■ YOUR GOAL
Of all the lines in these entries, count those that contain "Villa" and give only the total.

■ DATA EXCERPTS
═══

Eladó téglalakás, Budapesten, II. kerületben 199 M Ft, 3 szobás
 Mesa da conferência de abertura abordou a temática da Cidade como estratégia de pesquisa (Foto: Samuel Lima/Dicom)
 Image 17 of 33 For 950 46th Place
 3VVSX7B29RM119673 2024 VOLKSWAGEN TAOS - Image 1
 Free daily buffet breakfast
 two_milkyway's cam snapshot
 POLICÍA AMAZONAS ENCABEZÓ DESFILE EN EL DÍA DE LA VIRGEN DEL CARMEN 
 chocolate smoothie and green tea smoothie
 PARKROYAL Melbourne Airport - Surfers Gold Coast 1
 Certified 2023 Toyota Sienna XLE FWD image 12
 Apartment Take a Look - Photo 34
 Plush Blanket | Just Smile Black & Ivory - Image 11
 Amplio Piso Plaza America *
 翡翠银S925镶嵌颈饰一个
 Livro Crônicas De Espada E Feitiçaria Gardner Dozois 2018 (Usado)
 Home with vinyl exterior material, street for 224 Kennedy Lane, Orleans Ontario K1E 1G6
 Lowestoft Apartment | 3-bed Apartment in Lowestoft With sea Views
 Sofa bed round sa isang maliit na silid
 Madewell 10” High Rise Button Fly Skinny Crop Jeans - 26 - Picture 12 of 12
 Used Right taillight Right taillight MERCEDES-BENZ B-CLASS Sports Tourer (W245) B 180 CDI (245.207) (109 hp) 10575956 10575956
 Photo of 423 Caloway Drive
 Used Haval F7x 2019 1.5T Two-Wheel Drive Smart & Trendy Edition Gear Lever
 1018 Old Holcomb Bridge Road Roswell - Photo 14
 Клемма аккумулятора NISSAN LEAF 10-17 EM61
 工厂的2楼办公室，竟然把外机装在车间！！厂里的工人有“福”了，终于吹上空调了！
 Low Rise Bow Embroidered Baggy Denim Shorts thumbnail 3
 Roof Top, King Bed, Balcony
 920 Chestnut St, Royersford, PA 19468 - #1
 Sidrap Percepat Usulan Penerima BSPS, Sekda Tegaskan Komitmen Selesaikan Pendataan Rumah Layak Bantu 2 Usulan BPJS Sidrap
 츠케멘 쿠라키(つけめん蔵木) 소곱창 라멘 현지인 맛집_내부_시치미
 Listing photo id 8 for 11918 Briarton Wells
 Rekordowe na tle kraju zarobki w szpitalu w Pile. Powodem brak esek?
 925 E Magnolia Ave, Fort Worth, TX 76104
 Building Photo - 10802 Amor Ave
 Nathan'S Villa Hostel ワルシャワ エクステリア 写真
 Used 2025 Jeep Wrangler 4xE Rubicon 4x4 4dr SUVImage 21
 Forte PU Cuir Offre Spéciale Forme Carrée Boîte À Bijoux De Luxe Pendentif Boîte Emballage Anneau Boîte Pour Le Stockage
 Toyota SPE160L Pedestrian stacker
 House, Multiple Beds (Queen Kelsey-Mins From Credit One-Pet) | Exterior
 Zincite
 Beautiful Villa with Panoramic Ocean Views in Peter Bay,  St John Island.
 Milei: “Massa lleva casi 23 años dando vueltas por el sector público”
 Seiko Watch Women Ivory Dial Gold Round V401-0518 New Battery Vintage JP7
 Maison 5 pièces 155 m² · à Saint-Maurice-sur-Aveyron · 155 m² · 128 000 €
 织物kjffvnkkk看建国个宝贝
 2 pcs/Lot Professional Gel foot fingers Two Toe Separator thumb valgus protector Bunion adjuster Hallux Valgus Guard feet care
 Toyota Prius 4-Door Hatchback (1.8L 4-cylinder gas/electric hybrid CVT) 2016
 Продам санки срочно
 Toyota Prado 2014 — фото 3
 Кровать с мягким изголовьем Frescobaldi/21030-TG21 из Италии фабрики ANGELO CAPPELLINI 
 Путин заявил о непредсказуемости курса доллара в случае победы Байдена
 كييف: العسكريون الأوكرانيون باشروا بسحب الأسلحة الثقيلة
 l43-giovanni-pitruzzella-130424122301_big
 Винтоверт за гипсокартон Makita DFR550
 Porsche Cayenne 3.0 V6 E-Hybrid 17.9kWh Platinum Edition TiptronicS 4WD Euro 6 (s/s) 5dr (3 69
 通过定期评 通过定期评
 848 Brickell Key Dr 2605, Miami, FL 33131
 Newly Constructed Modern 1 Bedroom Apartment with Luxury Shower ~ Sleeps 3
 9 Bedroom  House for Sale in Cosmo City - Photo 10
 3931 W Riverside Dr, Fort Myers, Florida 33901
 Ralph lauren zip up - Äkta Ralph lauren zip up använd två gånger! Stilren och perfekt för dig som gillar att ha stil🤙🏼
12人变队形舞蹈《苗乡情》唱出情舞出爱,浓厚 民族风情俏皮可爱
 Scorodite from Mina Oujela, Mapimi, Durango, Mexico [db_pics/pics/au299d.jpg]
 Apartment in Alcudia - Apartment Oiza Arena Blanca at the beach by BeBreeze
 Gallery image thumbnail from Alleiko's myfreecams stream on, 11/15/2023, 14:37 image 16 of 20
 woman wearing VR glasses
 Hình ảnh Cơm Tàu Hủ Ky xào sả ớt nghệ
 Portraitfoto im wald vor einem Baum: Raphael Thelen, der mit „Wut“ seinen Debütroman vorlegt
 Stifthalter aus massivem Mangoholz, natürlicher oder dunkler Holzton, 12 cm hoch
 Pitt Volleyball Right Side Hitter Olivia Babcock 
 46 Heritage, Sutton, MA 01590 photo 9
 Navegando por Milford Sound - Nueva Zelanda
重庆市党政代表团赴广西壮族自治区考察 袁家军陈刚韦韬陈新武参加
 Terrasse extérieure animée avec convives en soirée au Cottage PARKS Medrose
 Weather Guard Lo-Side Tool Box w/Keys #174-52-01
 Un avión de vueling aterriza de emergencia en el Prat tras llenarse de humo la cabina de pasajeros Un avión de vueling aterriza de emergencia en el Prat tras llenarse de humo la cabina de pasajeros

═══

■ THE ANSWER
2